Items from a dataset
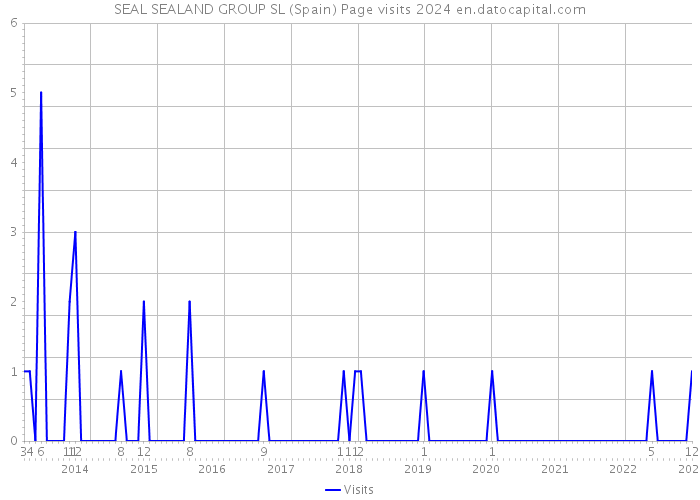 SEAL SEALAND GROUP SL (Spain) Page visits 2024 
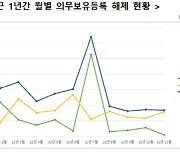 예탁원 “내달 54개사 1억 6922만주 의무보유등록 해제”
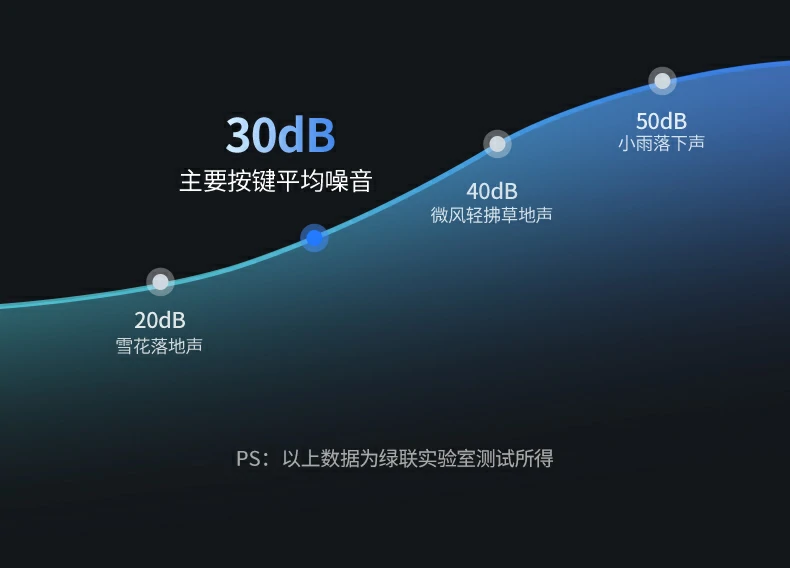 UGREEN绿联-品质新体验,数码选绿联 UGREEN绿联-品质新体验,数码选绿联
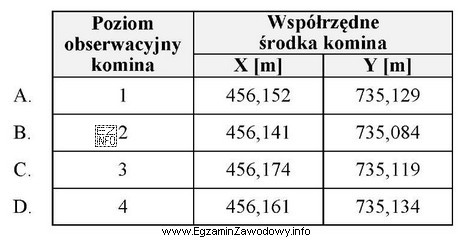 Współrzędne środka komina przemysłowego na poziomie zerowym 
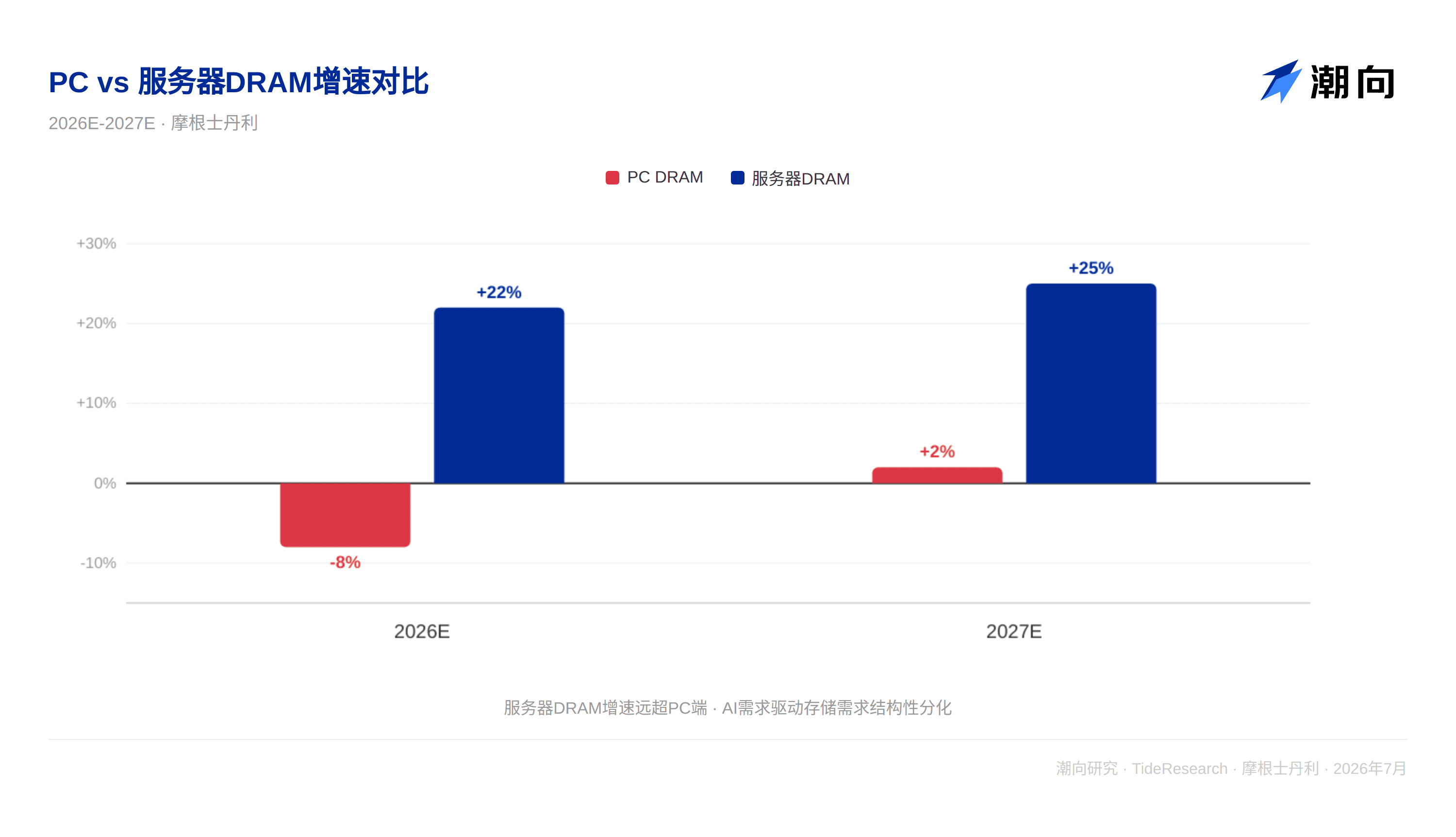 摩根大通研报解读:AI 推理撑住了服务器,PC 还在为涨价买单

__What the task asks__
Set down every entry above without alteration, but print no images.

__Reply__
 SEAL SEALAND GROUP SL (Spain) Page visits 2024 
 예탁원 “내달 54개사 1억 6922만주 의무보유등록 해제”
 UGREEN绿联-品质新体验,数码选绿联 UGREEN绿联-品质新体验,数码选绿联
 Współrzędne środka komina przemysłowego na poziomie zerowym 
 摩根大通研报解读:AI 推理撑住了服务器,PC 还在为涨价买单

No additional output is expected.